Required work:
Beginning with the first line, retype exactly the records below up to and including the line with "Attorney-Drafted Non-Disclosure Agreement"; pictures do not belong in the copy.

===== Provided records =====

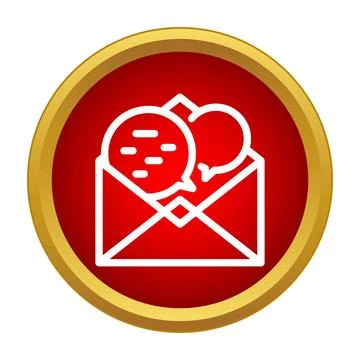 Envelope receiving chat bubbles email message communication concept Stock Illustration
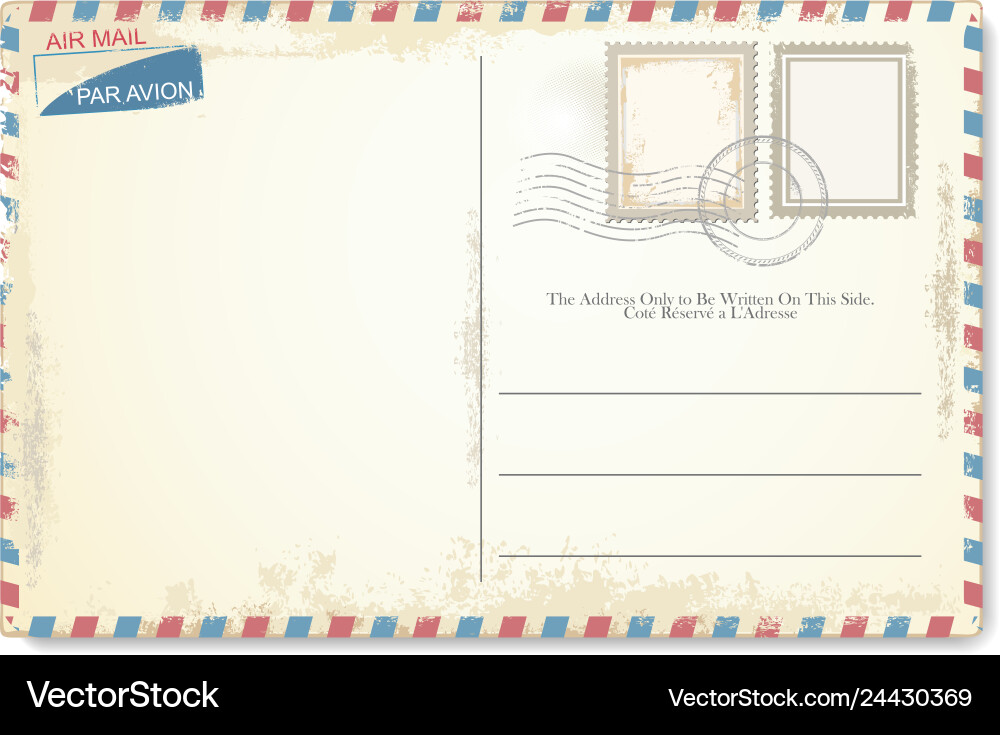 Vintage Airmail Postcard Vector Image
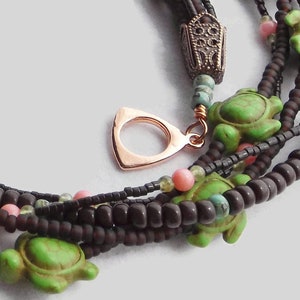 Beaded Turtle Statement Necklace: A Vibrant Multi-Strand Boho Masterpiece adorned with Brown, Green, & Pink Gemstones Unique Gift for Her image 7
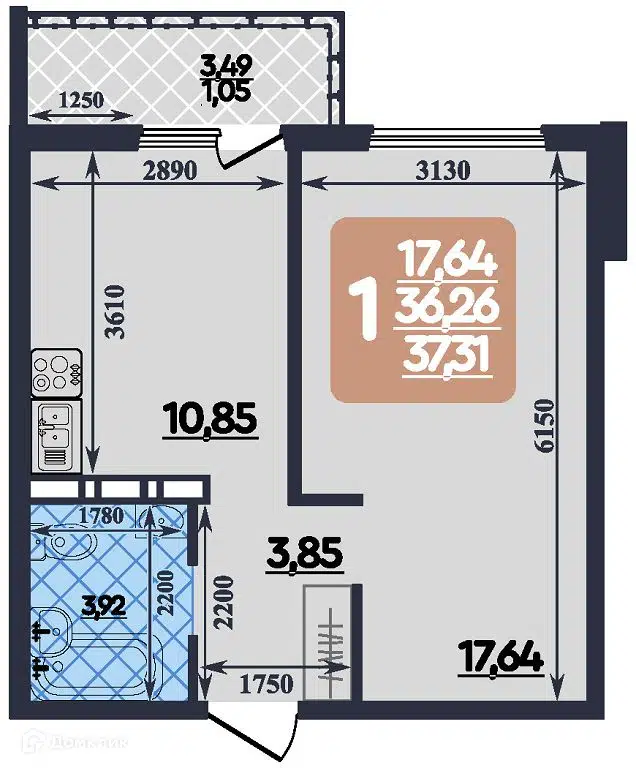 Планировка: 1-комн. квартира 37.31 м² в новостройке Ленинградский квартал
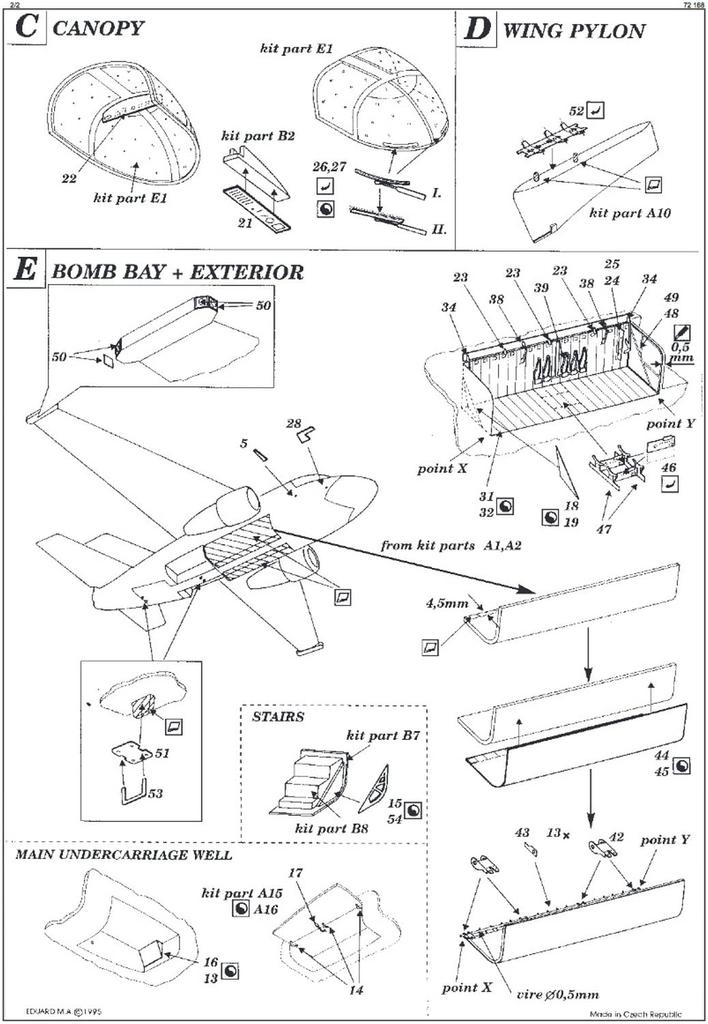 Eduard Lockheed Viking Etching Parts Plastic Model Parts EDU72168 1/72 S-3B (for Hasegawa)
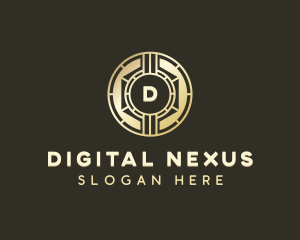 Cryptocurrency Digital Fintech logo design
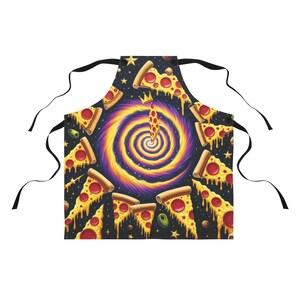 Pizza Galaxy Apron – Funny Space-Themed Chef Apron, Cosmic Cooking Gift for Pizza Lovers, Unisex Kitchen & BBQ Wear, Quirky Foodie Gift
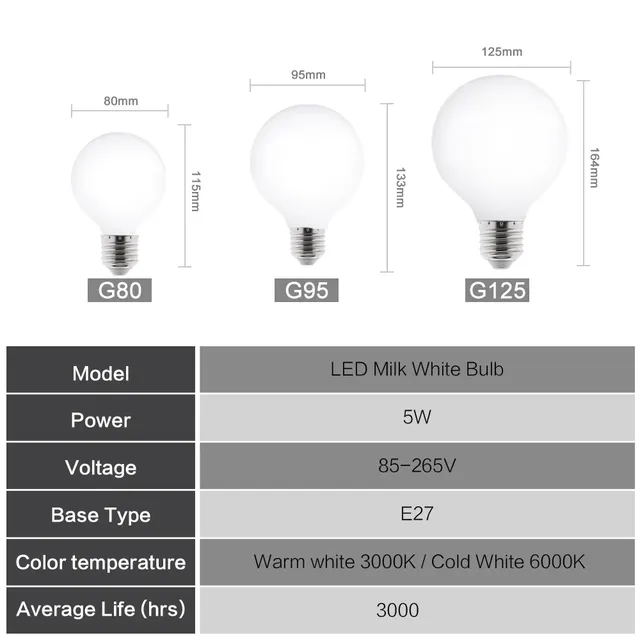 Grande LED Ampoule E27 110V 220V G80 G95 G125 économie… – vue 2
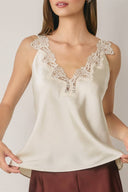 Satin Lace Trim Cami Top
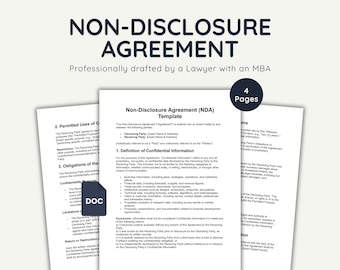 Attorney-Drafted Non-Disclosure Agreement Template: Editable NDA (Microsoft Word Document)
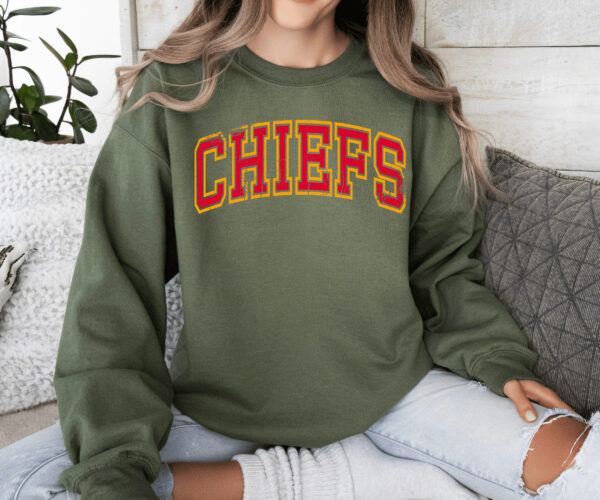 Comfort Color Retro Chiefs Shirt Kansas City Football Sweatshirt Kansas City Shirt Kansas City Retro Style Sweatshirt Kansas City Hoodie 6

=====

Exercise result:
 Envelope receiving chat bubbles email message communication concept Stock Illustration
 Vintage Airmail Postcard Vector Image
 Beaded Turtle Statement Necklace: A Vibrant Multi-Strand Boho Masterpiece adorned with Brown, Green, & Pink Gemstones Unique Gift for Her image 7
 Планировка: 1-комн. квартира 37.31 м² в новостройке Ленинградский квартал
 Eduard Lockheed Viking Etching Parts Plastic Model Parts EDU72168 1/72 S-3B (for Hasegawa)
 Cryptocurrency Digital Fintech logo design
 Pizza Galaxy Apron – Funny Space-Themed Chef Apron, Cosmic Cooking Gift for Pizza Lovers, Unisex Kitchen & BBQ Wear, Quirky Foodie Gift
 Grande LED Ampoule E27 110V 220V G80 G95 G125 économie… – vue 2
 Satin Lace Trim Cami Top
 Attorney-Drafted Non-Disclosure Agreement Template: Editable NDA (Microsoft Word Document)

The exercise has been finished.